Boomers retiring now have not saved the way our grandparents' generation did, so today's retirees have not accumulated sufficient wealth to live only on interest received from their investments. This problem is made worse by relatively low interest rates, and economists seem to generally agree that they see no significant rate increases in the near future.
You must consider other investments if you know you can't live on interest alone or if your planning shows that you could run out of money during your lifetime. You must seek investments with higher returns as soon as possible. Certainly, the longer you can earn a higher return, the larger your assets can grow. Timing is also important because a longer holding period will reduce the risk associated with those investments. In other words, the longer the investment time horizon, the lower the market risk.
Asset Allocation
The ideal way to invest one's portfolio to achieve higher returns is based on an asset allocation strategy. In fact, studies have shown that the vast majority of a portfolio's performance is determined by its asset classes. Market timing and specific security selection account for only 6 percent of the performance.
Asset classes are merely different types of securities whose risk and expected returns are different. It is a method of investing that incorporates the concept of diversification in two ways:
- Within each class, such as owning many different large or small company stocks
- Owning securities in a number of different classes, including stocks and bonds
Strategies for Dividing the Pie
The most fundamental decision in asset allocation is determining the percentages of your portfolio that should be allocated to bonds or fixed income investment and to stocks or equities.
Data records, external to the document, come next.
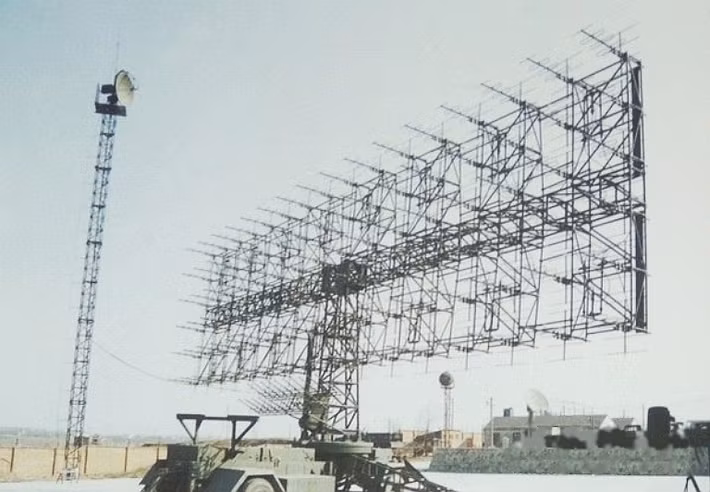 Việc hai radar bị tiêu diệt trong vòng 48 giờ khiến chuỗi “tìm - khóa - bắn” của Nga bị đứt gãy. Không còn dữ liệu từ Nebo-SVU, các khẩu đội Buk buộc phải dựa vào radar tầm ngắn, kéo dài thời gian phản ứng và tạo ra khoảng trống chết người trong vùng phủ sóng phòng không.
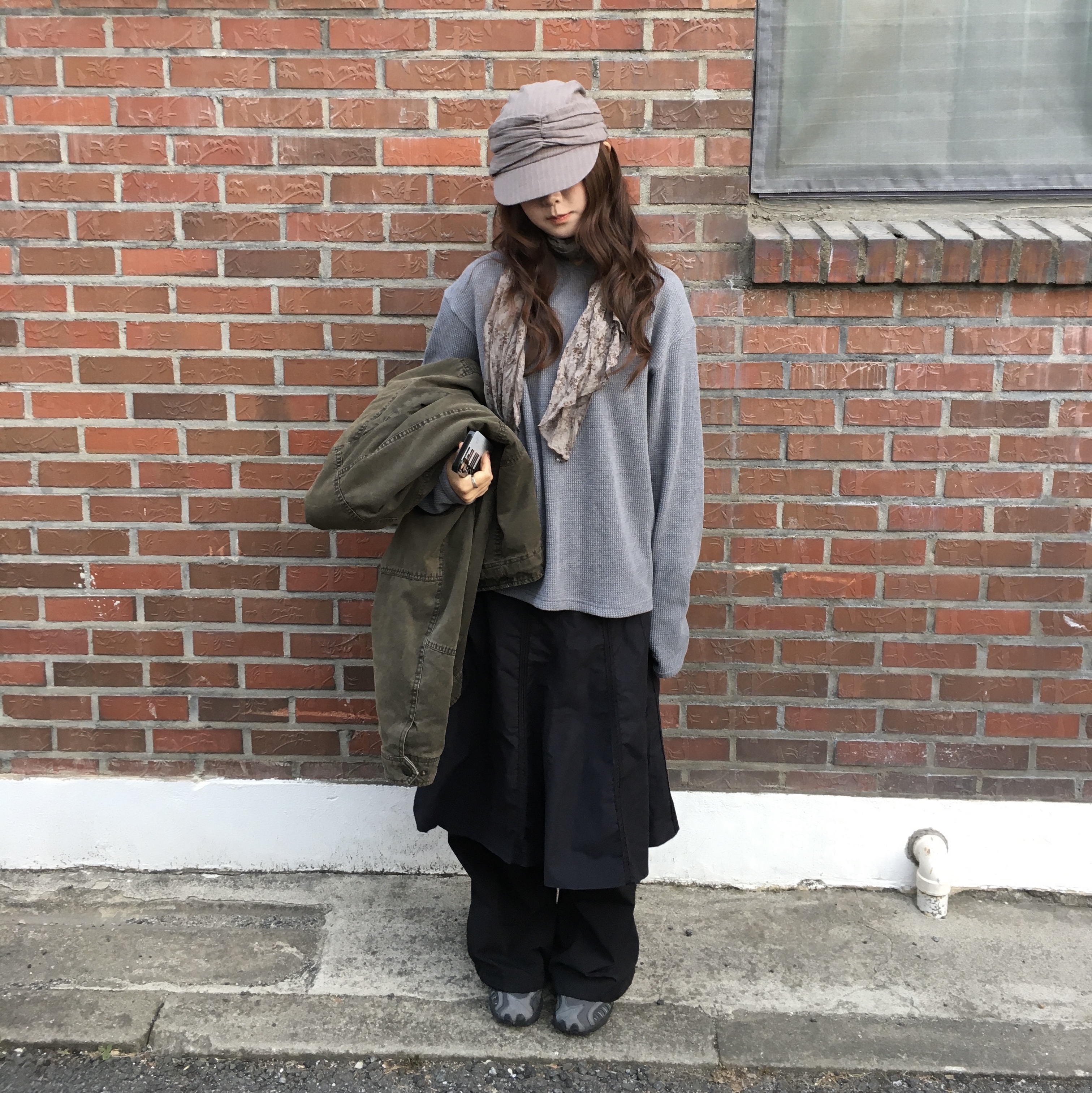 SLOW RECORD HOUSE Waffle Fingerhole Hood Blue Grey 착용 스타일 - 1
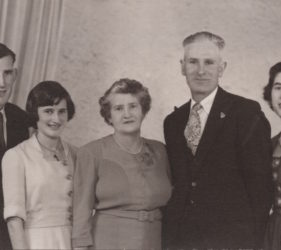 Peter, Eileen, Floss, Charlie & Clare Abbott
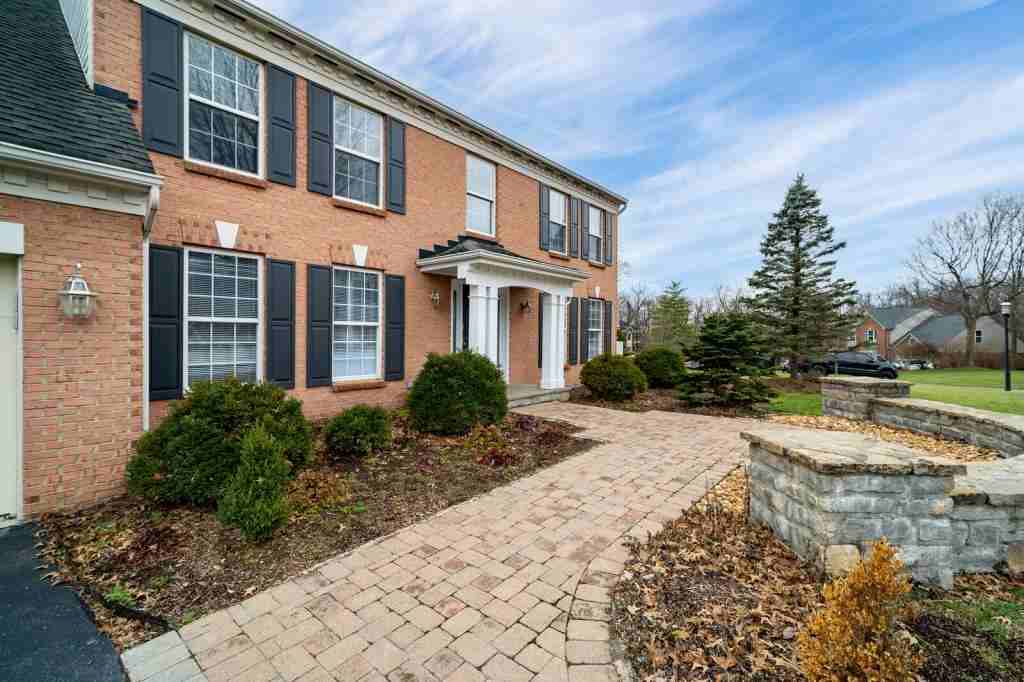 1105 Springridge Ct - Photo 2 of 34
There are many factors that are evaluated to determine an appropriately allocated portfolio. Among those are risk tolerance, time horizon, liquidity and designed rates of return. However, asset allocation is definitely not an exact science and planners have developed rules of thumb to serve as guidelines.
One rule of thumb is to use your age as a measurement of the percentage of your portfolio that should be invested in bonds. For example, if you are 60 years old, you should consider having approximately 60 percent of your portfolio in bonds. Unfortunately, recent studies reveal that Americans are far too conservative and invest 37 percent in bank deposits and CDs, 16 percent in bonds, 18 percent in mutual funds, and 29 percent in stocks. The studies further reveal that nearly 70 percent of the money invested in mutual funds is in fixed income and money market accounts.
Asset Allocation Benefits
Asset allocation has become a buzzword among financial planners and investors, but it's important to understand its real benefits. The purpose of asset allocation is not to guarantee higher returns, although the returns of a properly allocated portfolio should be higher than bank deposits and CDs. The risk associated with the properly allocated composite portfolio will be lower than the risk associated with each of its equity components. Furthermore, a properly allocated portfolio lightens the psychological impact of investing in equities and increases the compound annual return.
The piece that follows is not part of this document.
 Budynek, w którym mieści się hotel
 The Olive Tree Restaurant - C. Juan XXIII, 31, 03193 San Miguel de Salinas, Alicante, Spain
In conclusion, retirees shouldn't get too comfortable investing conservatively even during their retirement. Asset allocation is the ideal way to earn higher returns and reduce the risk associated with investing in equities. My advice to John and Mary is to review their IRA, profit-sharing plan and other savings to determine what adjustments need to be made so that they can continue to enjoy their retirement and enjoy financial freedom for the rest of their lives.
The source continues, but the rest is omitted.